Namens eiser is verschenen zijn gemachtigde. Verweerder heeft zich laten vertegenwoordigen door drs. [A] .

Beslissing

De rechtbank verklaart het beroep ongegrond.

Overwegingen

1. Verweerder heeft de WOZ- waarde van de woning vastgesteld en bij uitspraak op bezwaar gehandhaafd op € 300.000.

2. De woning is een vrijstaande recreatiewoning. De inhoud van de woning is ongeveer 77 m³. De oppervlakte van het perceel is ongeveer 1100 m².

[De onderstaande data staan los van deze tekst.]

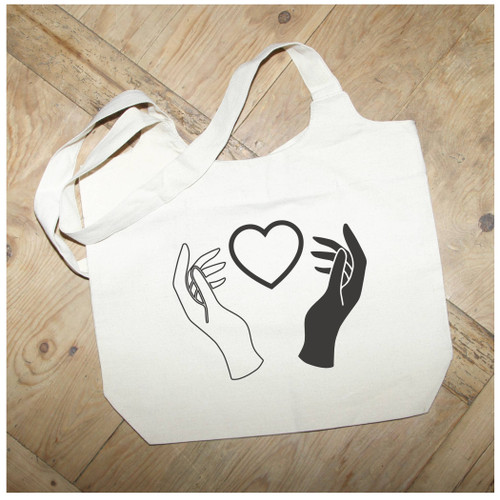 Black and White hand w/heart / Natural Tote Bag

3. Eiser bepleit primair een waarde van € 146.213. Daartoe voert eiser -zakelijk weergegeven- aan dat de door verweerder gebruikte vergelijkingsobjecten groter zijn en een betere ligging hebben. Meer in het bijzonder is van belang dat de woning is gelegen op een eiland aan een natuurplas waar gemotoriseerd vaarverkeer niet is toegestaan. De woning is daardoor enkel bereikbaar per roeiboot. De vergelijkingsobjecten liggen aan een recreatieplas waar gemotoriseerd vaarverkeer wel is toegestaan en zijn daarnaast ook per auto bereikbaar. Verder stelt eiser dat de stijging van de WOZ-waarde ten opzichte van 2019 onverklaarbaar is en dat het motiverings- en zorgvuldigheidsbeginsel zijn geschonden. Ter zitting heeft eiser nog aangevoerd dat het door verweerder gehanteerde indexeringspercentage te laag is en heeft hij verwezen naar het volgens hem beter vergelijkbare object [adres 2] [nummer 2] dat, net als de woning, op een eiland is gelegen en uitsluitend per boot bereikbaar is. Op basis van dit object bepleit eiser subsidiair een waarde van € 127.000.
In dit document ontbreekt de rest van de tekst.